Mit Hochspannung wurde die Neuproduktion von Giacomo Puccinis „Turandot“ an der Wiener Staatsoper erwartet: Auf den Jubel für Asmik Grigorian und Jonas Kaufmann folgte ein heftiges Buhkonzert für den Regisseur Claus Guth und seine Ausstatter Etienne Pluss und Ursula Kudrna.
Eine Frage stand beim Publikum dieser Staatsopernpremiere von Puccinis „Turandot“ von Anfang an im Raum: Schaffen es Asmik Grigorian und Jonas Kaufmann, die beiden Extrempartien der Turandot und des Calàf mit macht- und glanzvoller Stimmfülle und -schönheit zu gestalten? Die beiden haben nicht enttäuscht: Grigorian präsentiert sich als Energiebündel, ist bereit, bis an die Grenzen ihrer Möglichkeiten zu singen.
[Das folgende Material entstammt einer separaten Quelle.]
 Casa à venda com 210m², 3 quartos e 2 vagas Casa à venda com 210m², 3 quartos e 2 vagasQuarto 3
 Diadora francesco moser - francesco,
Ein „eisumgürteter“, psychisch durch die Kindheit zutiefst beschädigter, nur noch am Männermord Lust empfindender Racheengel. Diese Leidenschaft in subtilen Facetten hervorzukehren, setzt sie alle Register in fein differenzierten Farben ein und setzt sich auch in Momenten, wo Marco Armiliato das Orchester Pomp entfalten, ja dröhnen lässt, souverän durch.
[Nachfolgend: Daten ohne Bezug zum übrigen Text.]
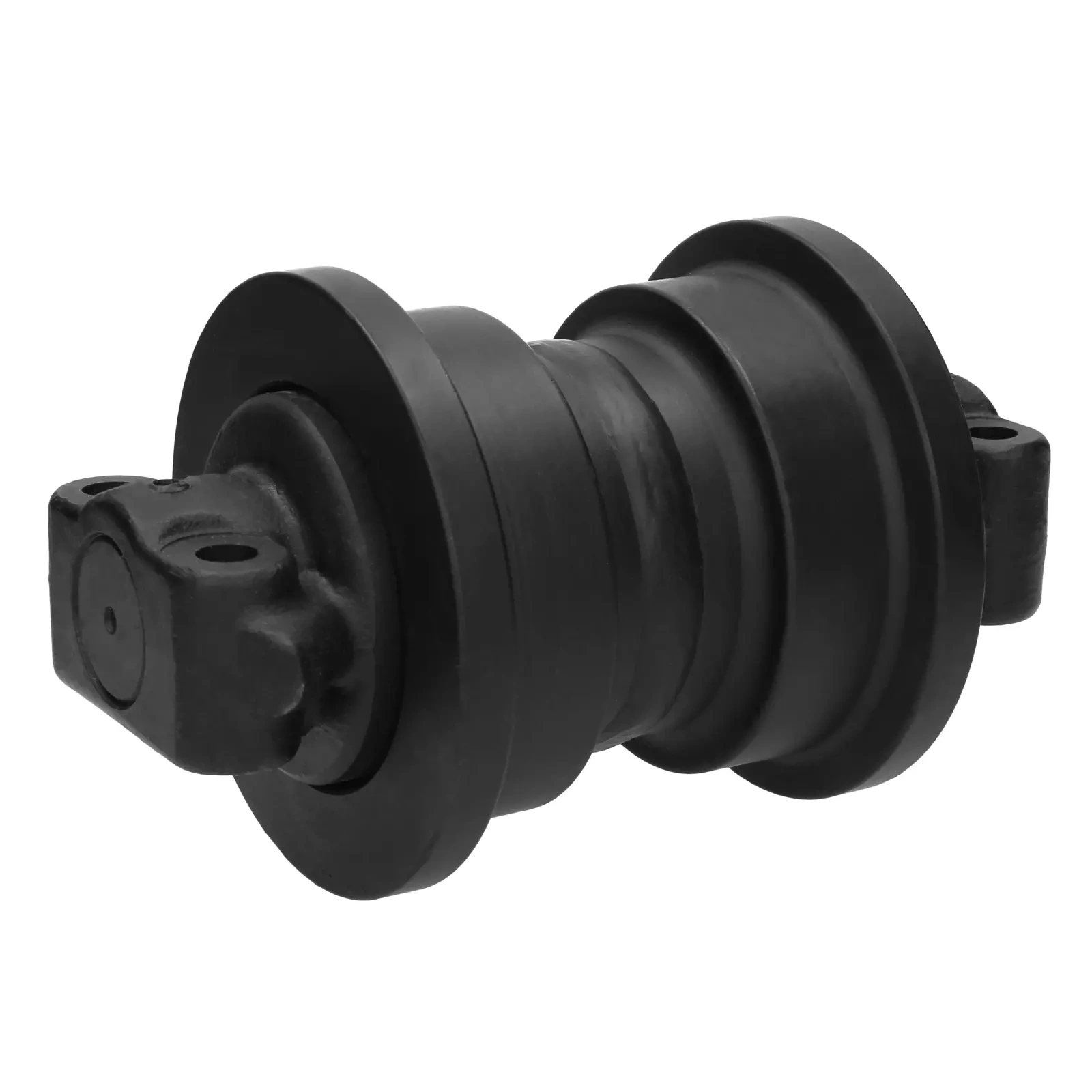 Каток CAT 308E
Jonas Kaufmann, von Claus Guth als Figur eines fürstlichen Flüchtlings in der Regie vernachlässigt, singt bis an die Grenzen seiner Möglichkeiten. Aber er lässt Spitzentöne strahlen, vor allem das hohe C der Rätselszene. Sein „Nessun dorma“ - mit siegessicher geschmettertem „Vincerò!“ - wird zum Höhepunkt. Im Reigen der vielen Rollendebütanten ist die Russin Kristina Mkhitaryan eine berührende Liù, die zarte Sklavin, die ihr Leben ihrer Liebe zu Calàf opfert. Ein berückend schöner Sopran. Verlässlich die übrige Besetzung: Jörg Schneider (Kaiser Altoum), Dan Paul Dumitrescu (Timur), Martin Häßler, Norbert Ernst und Hiroshi Amako (Minister Ping, Pang, Pong). Ausgezeichnet einstudiert der Staatsopernchor.
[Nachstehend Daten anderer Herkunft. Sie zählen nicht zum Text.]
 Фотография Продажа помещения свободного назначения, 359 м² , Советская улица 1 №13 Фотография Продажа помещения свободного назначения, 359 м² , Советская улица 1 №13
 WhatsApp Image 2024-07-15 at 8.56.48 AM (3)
In Hochform das Staatsopernorchester, das Marco Armiliato zu bombastischem Klangtheater mitreißt. Er hätte ruhig auf die schwierige, musikalisch etwas lahme erste Fassung Franco Alfanos, der das Werk nach Puccinis Tod zu Ende komponierte, verzichten und die zweite (übliche) Fassung verwenden können. Jubel für das musikalische „Ereignis Turandot“.
Empörtes Buhgeschrei musste Claus Guth einstecken. Dass er sich vom Tempelkitsch im Peking-Restauranstil verabschiedet, ist erfreulich. Dass er und die Ausstatter Etienne Pluss & Ursula Kudrna mit ihren hässlichen, eisigen Bühnenräumen uns in die Schreckenswelt der Stasi und ins nordkoreanische Folterreich Kim Jong-uns versetzen, tut dem Turandot-Märchenstoff (nach Carlo Gozzi, 1762) nicht gut. Hier sind alle Menschen gleichgeschaltet, Automaten der Macht - ist Turandot die brutale Schwester des Diktators Nordkoreas? Was für Guths die Märchenwelt negierende Regie dennoch einnimmt, ist sein Versuch, die Vergangenheit der Figuren aufzudecken, die verstörende Kindheit des „Opfers“ Turandot, die Opferbereitschaft Liùs, die blinde Besessenheit Calàfs usw. Aber das wäre auch in einem „China“ mit interessanterer Ästhetik möglich.